I like Blackjack and I used to like watching Blackjack tournaments on TV. The new season of The Ultimate Blackjack Tour has just begun airing on CBS and I think it'll be airing without me watching. What we have here is almost a textbook example of how to gimmick a show up with fancy lights, music and editing to the point of making it unwatchable.

In any kind of sporting event, you need at least a reasonable sensation of a live game; like you're witnessing something actually occurring before your eyes and anything can happen. Blackjack tourneys on TV do away with that. On the UBT, a single match consists of thirty hands of Blackjack and to get that all in to an hour, they have to skip over a lot of hands, summarizing them in fast forward. Imagine a baseball game where you come back from commercial and the announcer says, "While you were gone, they played the third, fourth and fifth innings and here's what happened."

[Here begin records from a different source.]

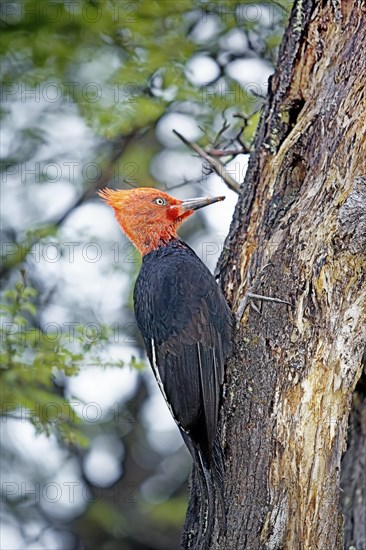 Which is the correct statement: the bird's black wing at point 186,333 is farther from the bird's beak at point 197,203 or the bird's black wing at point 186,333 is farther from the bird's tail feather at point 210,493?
the bird's beak at point 197,203

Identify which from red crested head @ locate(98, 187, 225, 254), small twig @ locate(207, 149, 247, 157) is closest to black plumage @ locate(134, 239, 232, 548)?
red crested head @ locate(98, 187, 225, 254)

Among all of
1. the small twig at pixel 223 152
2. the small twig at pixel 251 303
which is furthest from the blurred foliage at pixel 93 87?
the small twig at pixel 251 303

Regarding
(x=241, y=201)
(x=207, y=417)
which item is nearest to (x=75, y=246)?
(x=241, y=201)

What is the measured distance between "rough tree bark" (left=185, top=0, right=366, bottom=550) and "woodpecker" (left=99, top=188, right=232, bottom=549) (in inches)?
3.1

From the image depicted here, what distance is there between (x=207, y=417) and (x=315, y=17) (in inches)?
81.6

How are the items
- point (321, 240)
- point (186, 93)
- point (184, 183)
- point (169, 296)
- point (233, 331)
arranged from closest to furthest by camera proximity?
A: 1. point (321, 240)
2. point (233, 331)
3. point (169, 296)
4. point (184, 183)
5. point (186, 93)

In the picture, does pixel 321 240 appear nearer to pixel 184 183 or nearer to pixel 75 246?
pixel 184 183

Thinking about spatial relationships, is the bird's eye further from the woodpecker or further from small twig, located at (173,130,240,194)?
small twig, located at (173,130,240,194)

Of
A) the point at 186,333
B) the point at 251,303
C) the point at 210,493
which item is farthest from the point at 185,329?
the point at 210,493

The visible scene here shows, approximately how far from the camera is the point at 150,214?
4.57 m

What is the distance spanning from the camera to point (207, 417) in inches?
137

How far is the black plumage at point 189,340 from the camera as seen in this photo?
3.51 m

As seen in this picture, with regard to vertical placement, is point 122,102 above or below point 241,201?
above

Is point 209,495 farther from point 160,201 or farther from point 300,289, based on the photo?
point 160,201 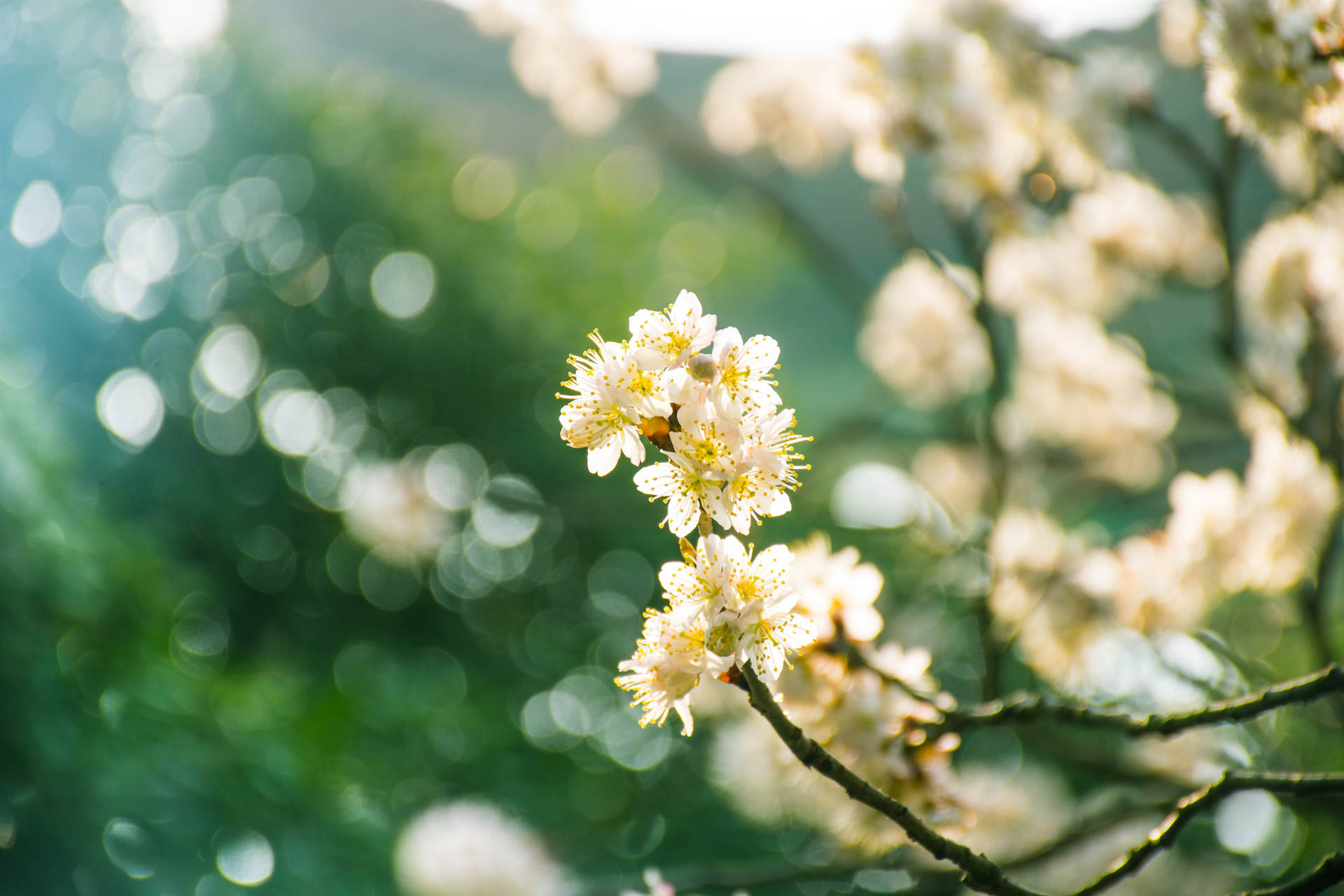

Of course, they wouldn't do that. They wouldn't even air a baseball game that had been taped weeks earlier. But if you're going to do that, you need to at least try to preserve the sense that it's a real contest with an outcome that's in doubt. The shows they're airing are so tricked up with music and lights and computer graphics and breakneck cutting that they lose all sense of a real event. At times, I can't even follow who's playing who's ahead…or care.

The one nice thing about the UBT broadcasts on CBS is that they're almost wholly sponsored by ClubUBT, an online gaming site. In fact, the shows are like a glorified infomercial for ClubUBT, which I like because one of their spokespersons is my old pal, Carl "The Amazing" Ballantine. It's always nice to see Carl, even when he isn't doing his legendary magic act.